» **YOUR OBJECTIVE**: Please copy, exactly as written, the span from the first line below to the line that contains "Bột tẩy vết", including both, and skip the pictures.

» **Crawled caption data**:
□ □ □ □ □ □ □

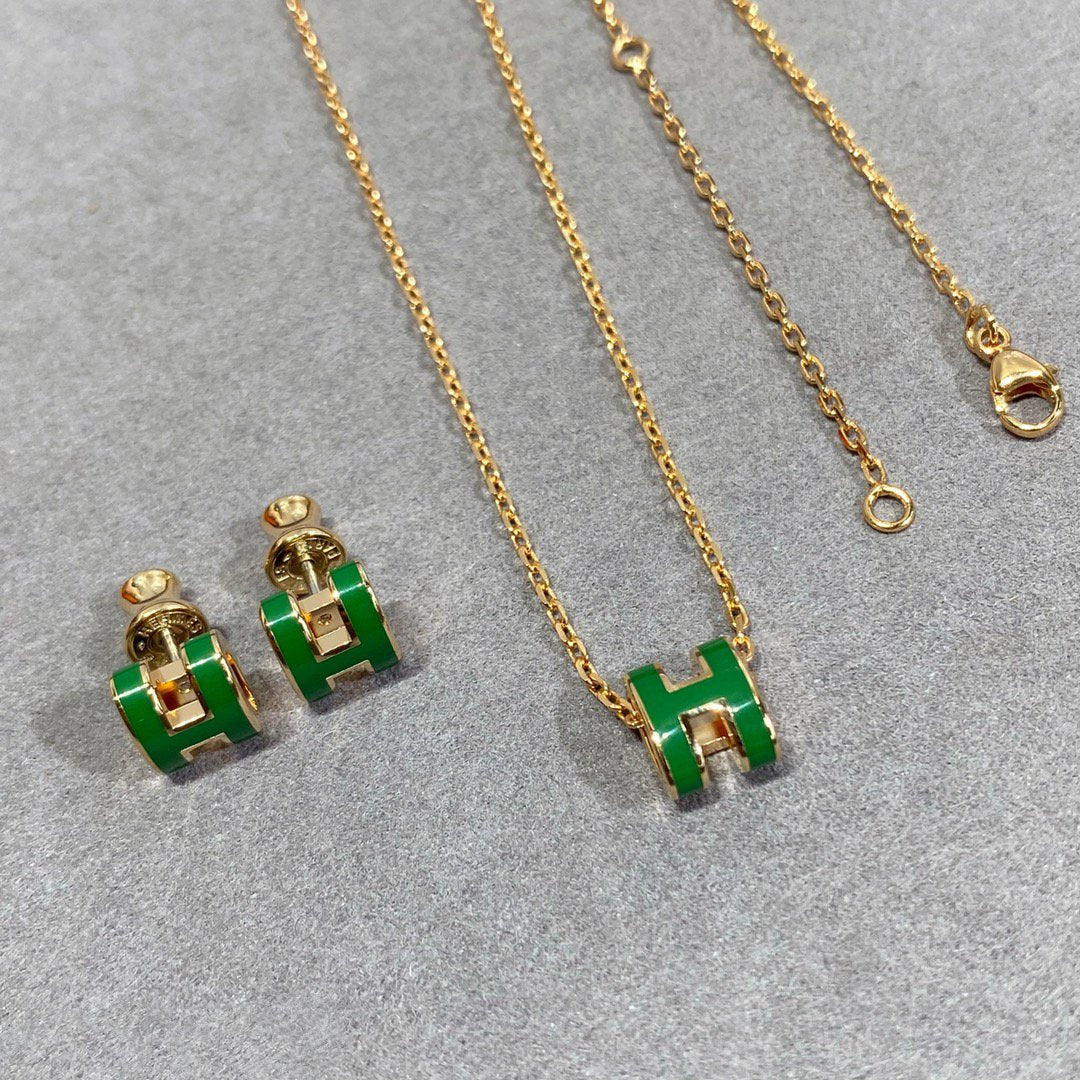 [Dawnora Jewelry]POP H GREEN NECKLACE SILVER AND GOLD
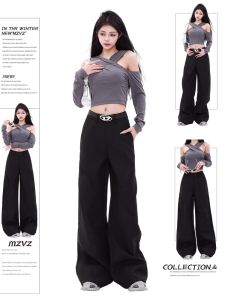 Black Wide Leg Scythe Pants Womens Summer 2024 New High Waist Slimming Casual Micro Flared Suit Pants Trendy MZVZ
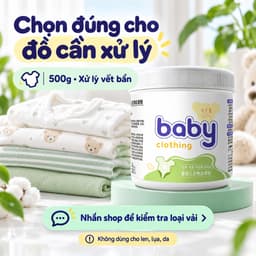Bột tẩy vết bẩn quần áo trẻ em QIAODAIMEI 500g, hỗ trợ làm sạch vết sữa, thức ăn và ố vàng 9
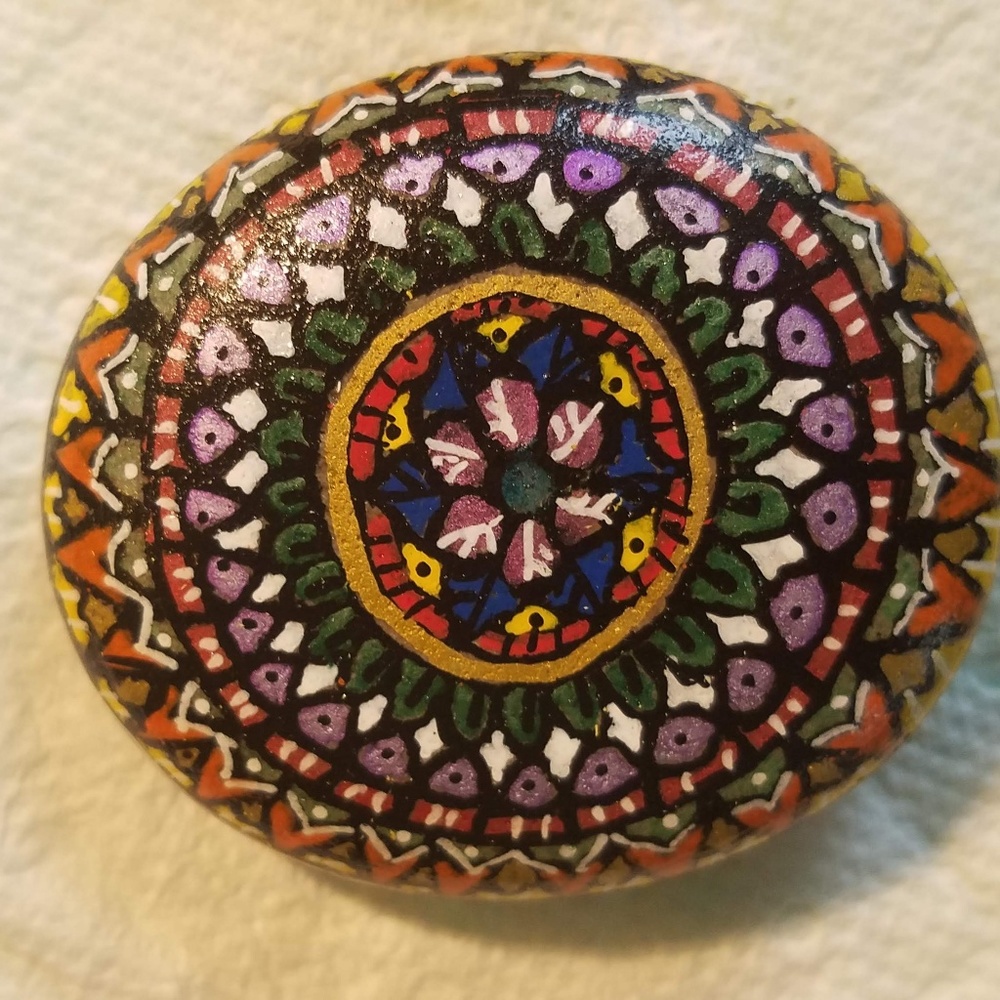 Hand-painted mancala stones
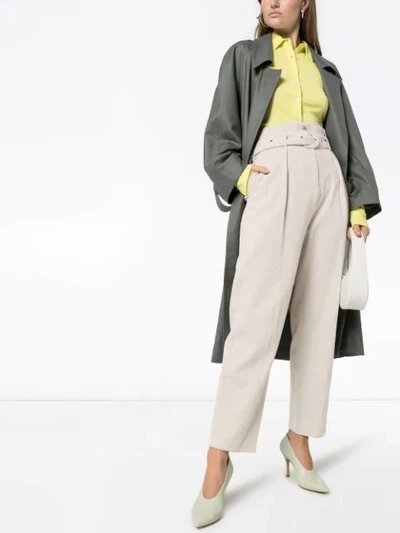 Shop Low Classic Belted High-rise Trousers In Grey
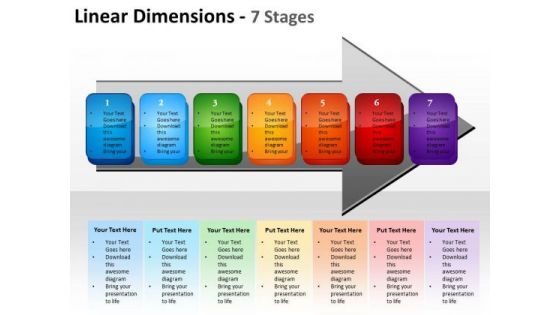 Marketing Diagram Linear Dimensions 7 Stages Sales Diagram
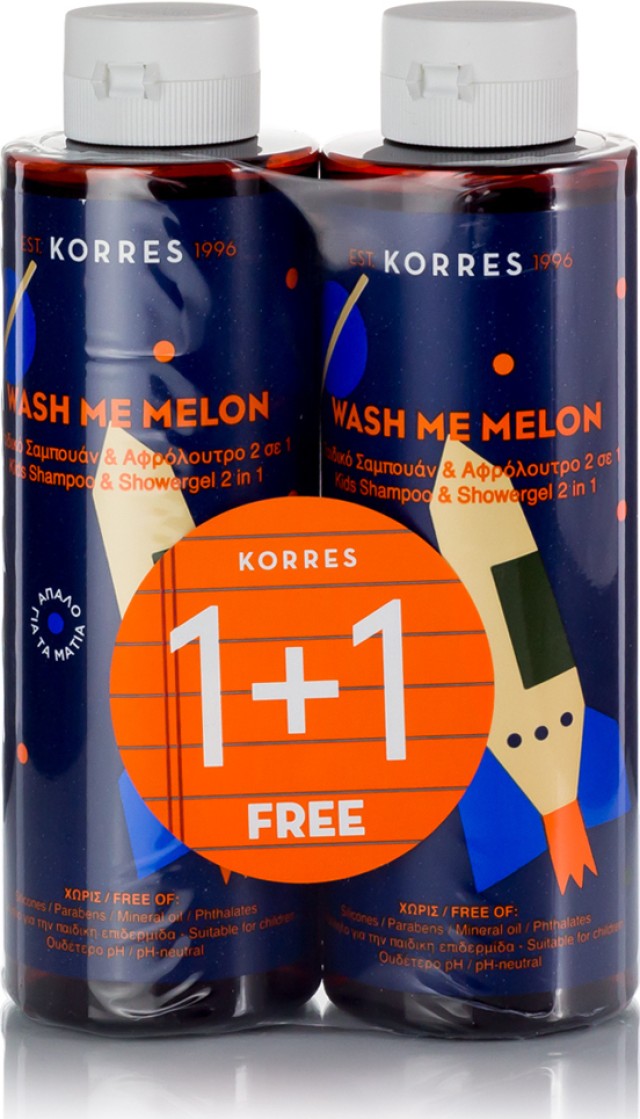 Korres Wash me Melon Σαμπουάν Αφρόλουτρο για Αγόρια με Άρωμα Πεπόνι, 2x250ml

□ □ □ □ □ □ □

» **TASK ANSWER**:
 [Dawnora Jewelry]POP H GREEN NECKLACE SILVER AND GOLD
 Black Wide Leg Scythe Pants Womens Summer 2024 New High Waist Slimming Casual Micro Flared Suit Pants Trendy MZVZ
Bột tẩy vết bẩn quần áo trẻ em QIAODAIMEI 500g, hỗ trợ làm sạch vết sữa, thức ăn và ố vàng 9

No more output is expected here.